Session 1. Nationalism, Borders and Construction: Voices from the Ground
Chair: Abeer Gupta, assistant professor at the School of Design, Ambedkar University
Panelists: Zainab Akhter is a former Research Officer at the Institute of Peace and Conflict Studies. Parismita Singh is a writer, graphic novelist and educationist. Malik Sajad is a visual artist and writer.
Abeer Gupta spoke about the definitive agency of civilisation, of how heritage is a decision—we choose what we want to highlight as our heritage while discarding the rest. He discussed the interdependence of language and culture, how one cannot exist bereft the other and questioned the existence of a static language in the medium of the audio visual before going on to discuss the politics of everyday life.
Zainab Akhter presented unacknowledged histories of the partition from the Balti/Kargil region, which shares geographic and cultural similarities. She shared stories of families that were themselves in two different nations post the partition, concentrating on divided families from Padum, in Zanskar Valley, Kargil, which has a Muslim minority of 40%. She shared stories of fathers and sons being in contact only through letters and photographs, of denied visas which led to a son being able to reach his father only in time for his funeral rites, of husbands and wives living out their lives in two different countries not out of choice, but compulsion.

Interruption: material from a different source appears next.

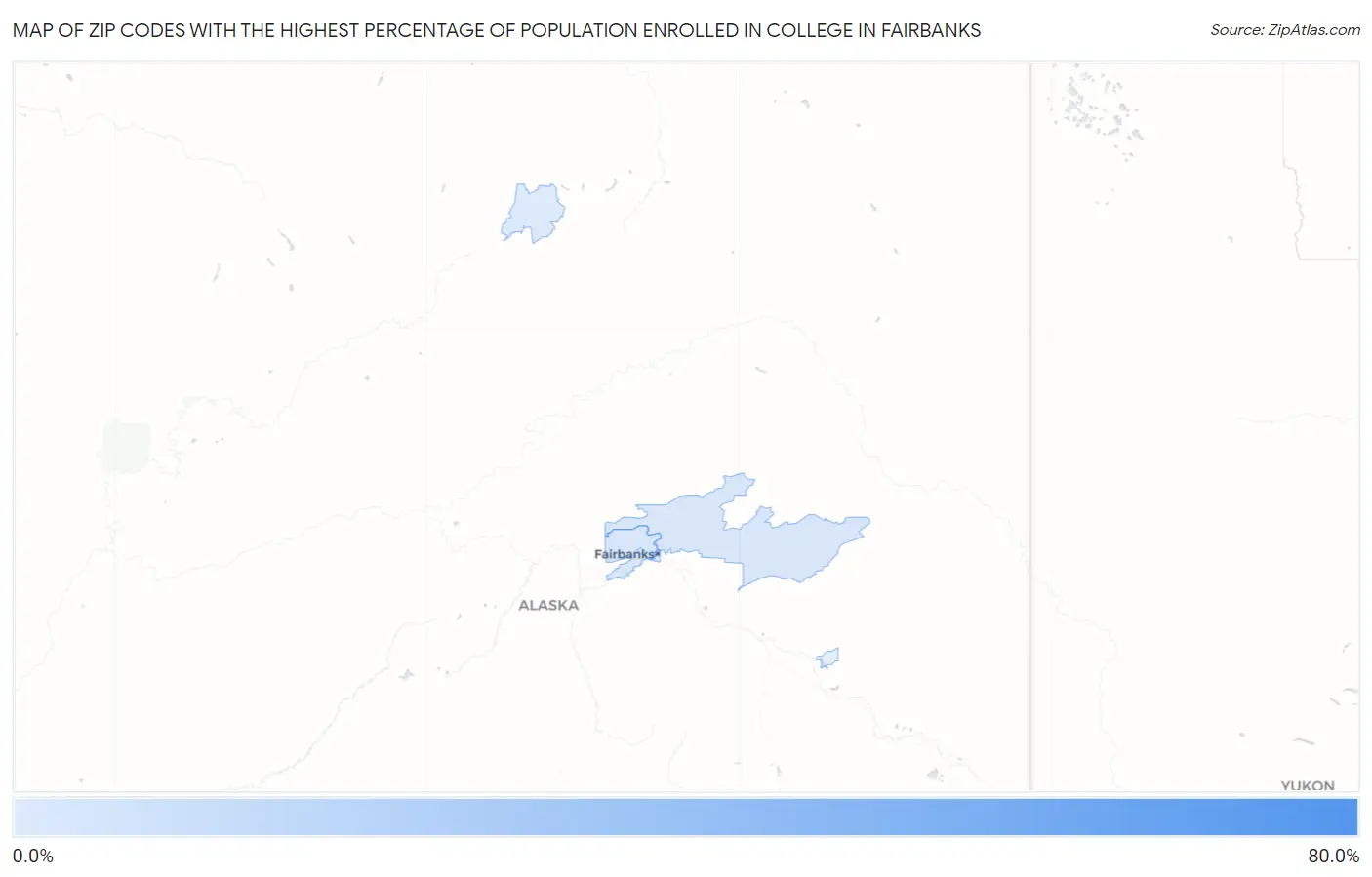 Zip Codes with the Highest Percentage of Population Enrolled in College in Fairbanks Map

Malik Sajad continued questioning borders as he spoke of his life as a Kashmiri cartoonist and graphic novelist, and of how difficult it is to incorporate multi-narratives in one’s work before sharing his short film, Hopscotch, which deals with the whimsicality with which borders are drawn and the violence of the entire operation.
Parismita Singh discussed construction identity in context of that which is labelled as the northeast, a label constructed from outside ‘the mainland’ by Delhi based journalists who failed to investigate what binds this construct together. The term north east, said Parismita, is used as either a marketing narrative or as an integration project by the publishing industry, making work hailing from the region contest with work which emerges from ‘the mainland’. She related her experience of publishing—of being seen as from the northeast, having to justify her work as emerging from the northeast—even when the work in itself was not cartographically limited. She shared her experience of being expected to tackle the historical baggage of imagining the periphery. She explored the problematics of nation and the concept of one body of work emerging from that space.

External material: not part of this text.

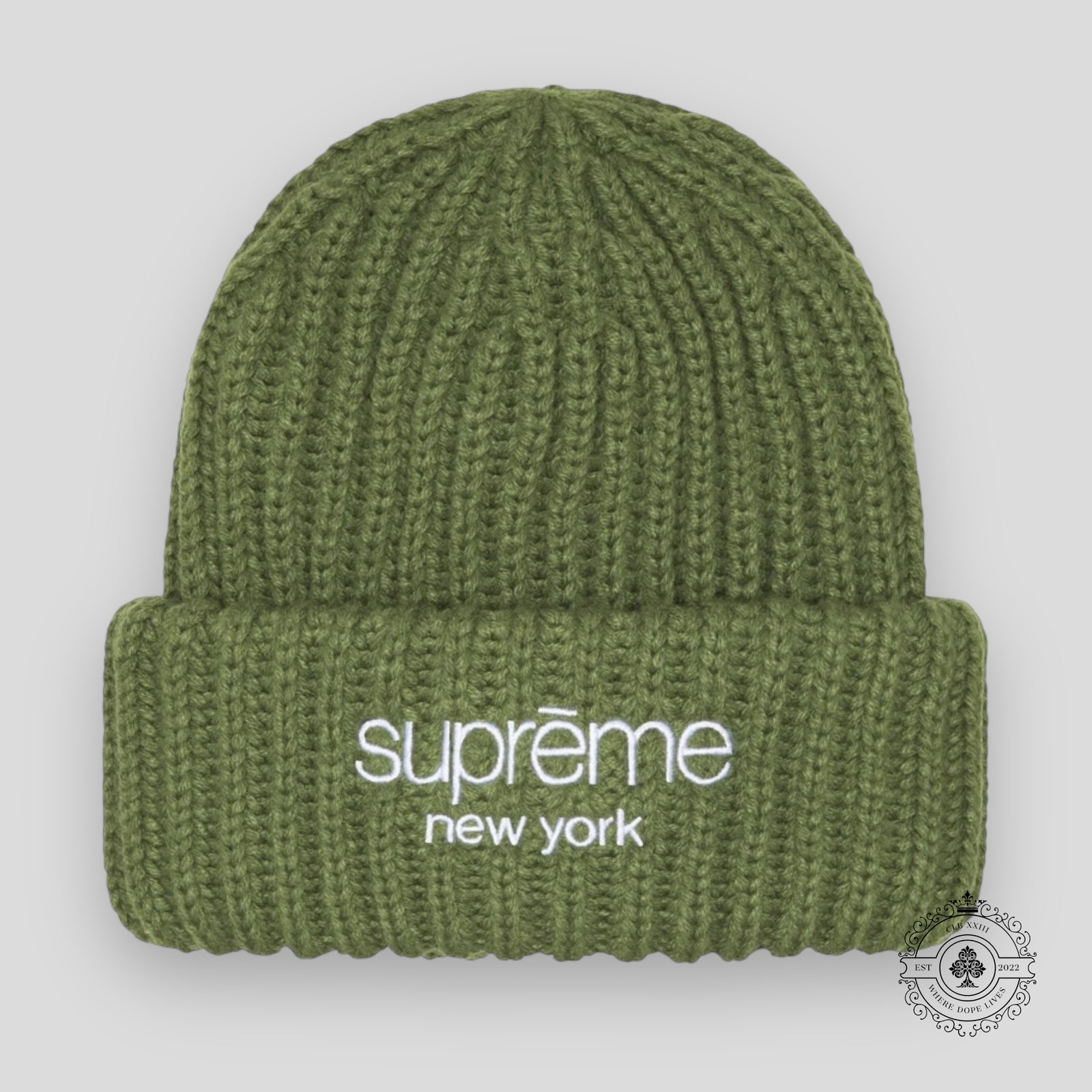 Supreme Classic Logo Chunky Ribbed Beanie in Olive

The discussion that followed focused on the construction of culture through what is made available to people of a certain region at a point in time and tackled the position of nature in this engagement.
Session 2. Nationalism, Religion and Iconography
Yousuf Saeed is a filmmaker, author and archivist of random ephemera.
Yousuf Saeed, filmmaker, author and archivist, began his session on Nationalism, Religion and Iconography with a delightfully vibrant and interesting presentation on popular art from Pakistan and India. This art form—an ephemeral one—here one day, gone the next, is often ignored when history is taught. Saeed has collected these images from both India and Pakistan, hence the reference to the two nations in the title of his talk, and has through the images attempted to show how they represent nation hood and nationality.
The precursor to the popular calendar art lies in the so-called European style of Raja Ravi Verma who used live models to paint Hindu gods and goddesses—a style criticized as sacrilegious. These images were copied and commercialised, the example Saeed showed had a textile label (printed in Glasgow) stuck on it. Baby Krishna’s cherubic image associated with baby food. Alongside this were the references to the political situation at the time. Many images showed a direct association with Indian nationhood and Hindu revivalism. For instance, an obviously Hindu God showering blessings on Nehru and Gandhi. During the freedom movement the Congress party was given prominence, but with no Muslim figures, or Muslim figures being given no prominence despite references to other religions. And of course, Mother India as a Hindu deity. Of course, as an artist put it, which Muslim icon does one put in the calendar? Surely not the Prophet?
Saeed did find some calendar art with Muslim figures on it but they only seem to be made with a particular client in mind. However, he does say that the industry is very pluralistic itself.
Saeed also mentioned that in terms of politics, Hindu religious figures in the art were always shown to have a political connect with a so-called figure of strength, such as a lion. Whereas the Islamic images show a naiveté and piousness, for instance the prayer pose, depicting a stereotype of the Muslim community.
Poster art in Pakistan showed the typical images of the fathers of the nation as well the kitschy nature of the collages—also seen in India.
In India, popular art showed a restraint when it comes to the representation of politics in Islamic art, simply due to the tendency of the artists to ‘play it safe’ and not hurt sentiments. Saeed spoke about the syncretism and pluralism perhaps dying out slowly as images of icons are being replaced with panoramic views of Mecca and Medina for instance.